Why don't elves sleep and dream ? 

Because they dream when they are awake, thinking they are great and mighty heroes. (By the way, _rêverie_ is really only a word for daydream).


----------



## Thresher

What do you call a party of elves entombed in the Temple of elemental evil?

A good start

Whats the difference between a cart full of rocks and a cart full of elves?

You cant unload a cart full of rocks with a pitchfork


----------



## Apok

Great stuff so far, guys.  Keep it comin'!  

Oh, and *Bump*


----------



## Gunslinger

Not a joke, but a damn funny quote from 8-Bit Theater:

"Yeah, we're real scared of elves!  I hope they don't prance around with honey dew and frolick amonsgt the gumdrop trees." 

-Black Mage


----------



## thalmin

What do you call an elf that marries an orc?  A social climber.


----------



## Mathew_Freeman

How many elves does it take to light a torch?

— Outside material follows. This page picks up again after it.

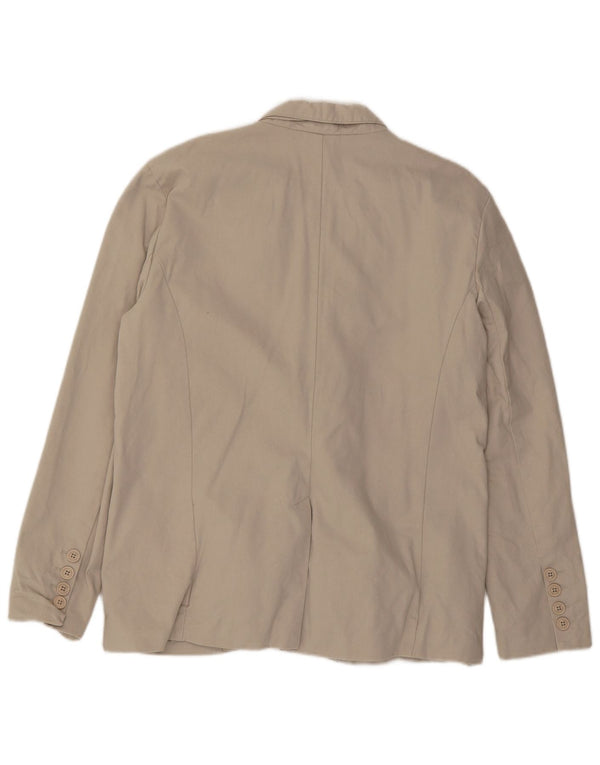 Jachetă pentru bărbați French Connection cu 2 nasturi, UK 42 XL, bumbac bej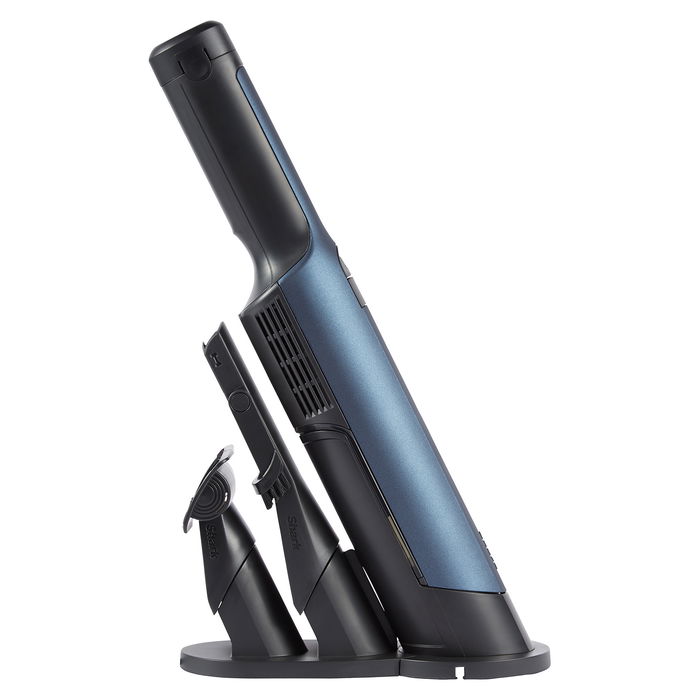 Shark Aspirador de mano WV270EU, Secar, HEPA, Sin bolsa, Azul, Batería, 15 min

Two, one to light a torch, the other to compose an epic ballad about why the torch had to be lit, so that future generations can remember this proud day in the history of elven kind.


----------



## Sixchan

Gez said:
			
		

> *Not a joke per se, but still an argument that may be appropriate for one of these "I'm a superior race" elves:
> 
> *




You know, I've never thought of having Nazi elves in a campaign.  If I ever do a modern version of a fantasy setting, this could offset all the tree-huggin' hippie elves!  Ooo...


----------



## Angcuru

Even though I'm Pro-Elf...I'll help ya out..............by not insulting dwarves.


----------



## Andion Isurand

I'm not an uptight, elitist, pansy spellcasting elf.

I'm actually a bit of an outsider in my relationship with many elven arcane acedemic communities, mainly because I find many of their members to be rather borish.


----------